Feminist housing
Special days have a special way of being irritating. I never liked International Women's Day, in particular, because since women represent roughly half the species they shouldn't need special recognition. Yet there's no denying they do. Hence my frustration.
In recent months there have been several attempts to find solutions to the housing and homelessness crisis. Including, most recently, a feminist agenda. Without falling into lazy stereotyping, we can trace the contours of such a thing. As University of Ottawa's Dr. Carolyn Whitzman says, a feminist approach to housing is one that prioritizes caring and rights. You know, as opposed to profit and financial wealth.
I discuss this in my Ottawa Citizen column this week. The gist:
As the feminist housing agenda notes, most of the solutions to the housing crisis currently being advanced are “predominantly influenced by voices from the private market and the private rental sector.” Nobody’s saying we need to silence those voices.

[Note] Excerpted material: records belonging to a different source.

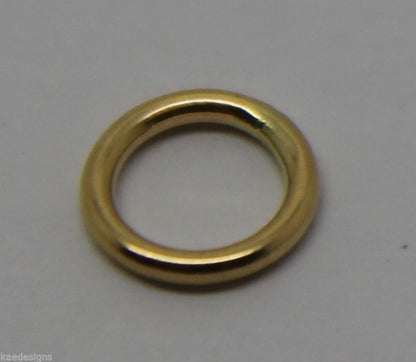 9ct or 18ct Yellow/White/Rose Gold SOLDERED JUMP RING MANY SIZE 2pk/5pk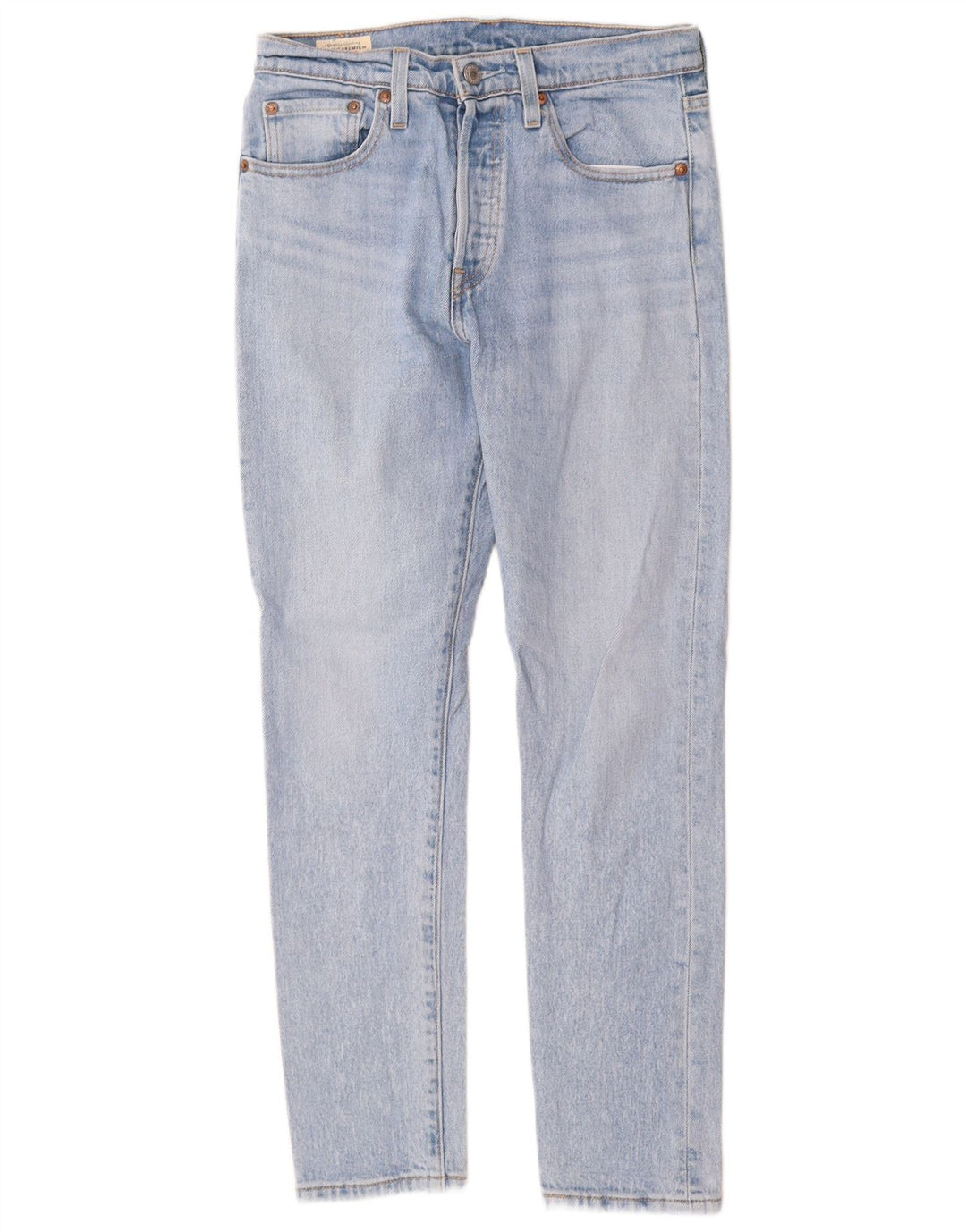 Levi's Womens 501 Straight Jeans W27 L28 Blue Cotton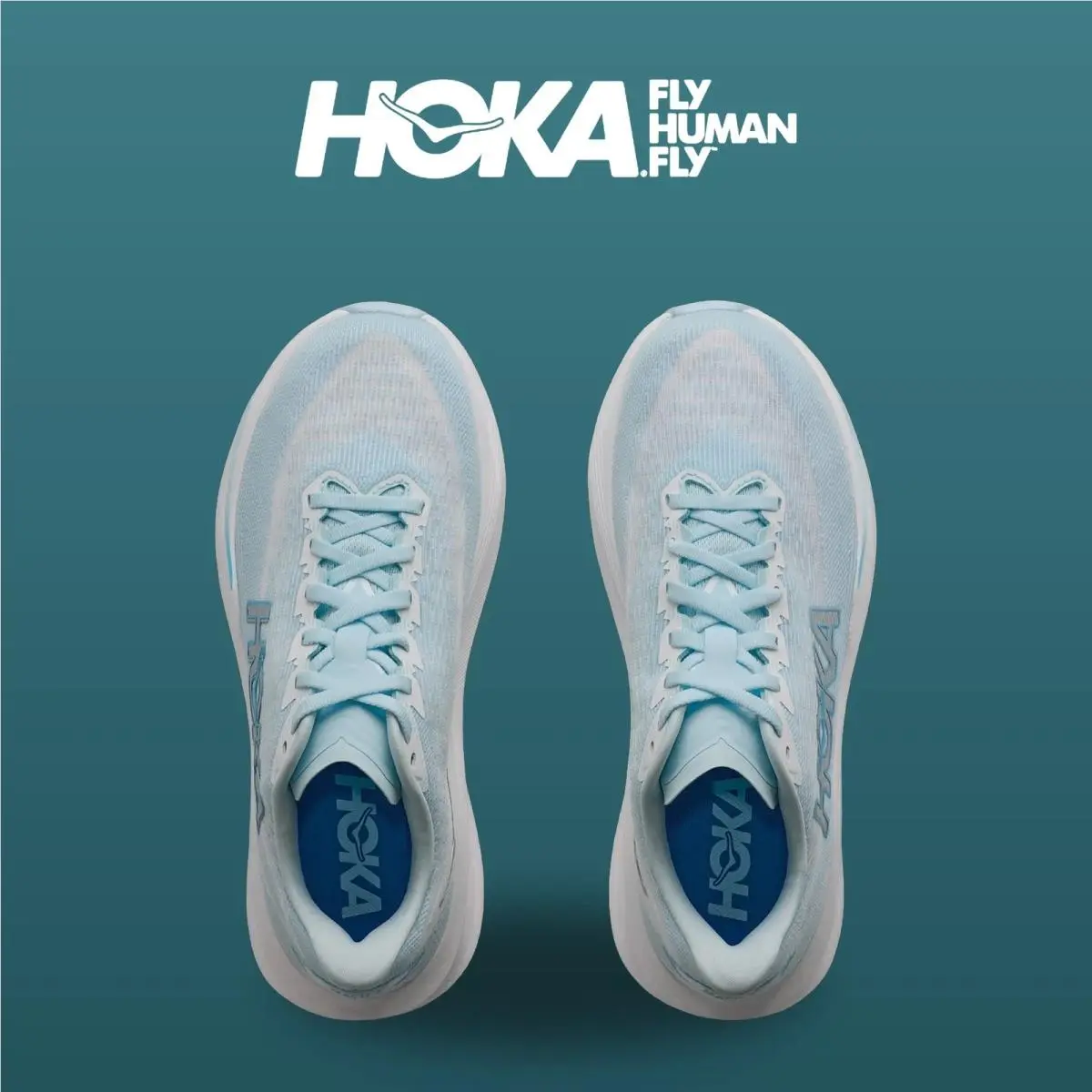 Hoka shoes - Mach 7 - Mach - 1171938-GLFR - Glimmering Blue/Frost 0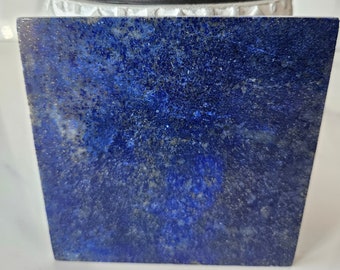 10x10 Lapis Lazuli Stone Tile | Cabochon, crystal heal, Lapis Worry Stones, polished slab, smooth, natural lapis, flat back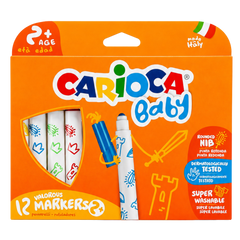 Carioca Jumbo 12’li Süper Yıkanabilir Keçeli Kalem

We simply need to add the others. A model that treats housing as an investment or a financial instrument works fine for some people but not for everyone.
To solve this crisis, we need to have all voices included in how we design and implement solutions. Once we have that, we won’t need equity lenses because our vision will take everyone into consideration.
Oh, and guess what? Trudel, the business people behind the Fleur de Lys project I wrote about last week just announced another project to modify a smaller strip mall in Ste-Foy and add another 1,500 housing units. Story in French.
Legal writing
I have two pieces out this week, one on better clarity needed for Express Entry applicants and the other one about a private member's bill seeking to help young refugees in the care of the state as they age out of care.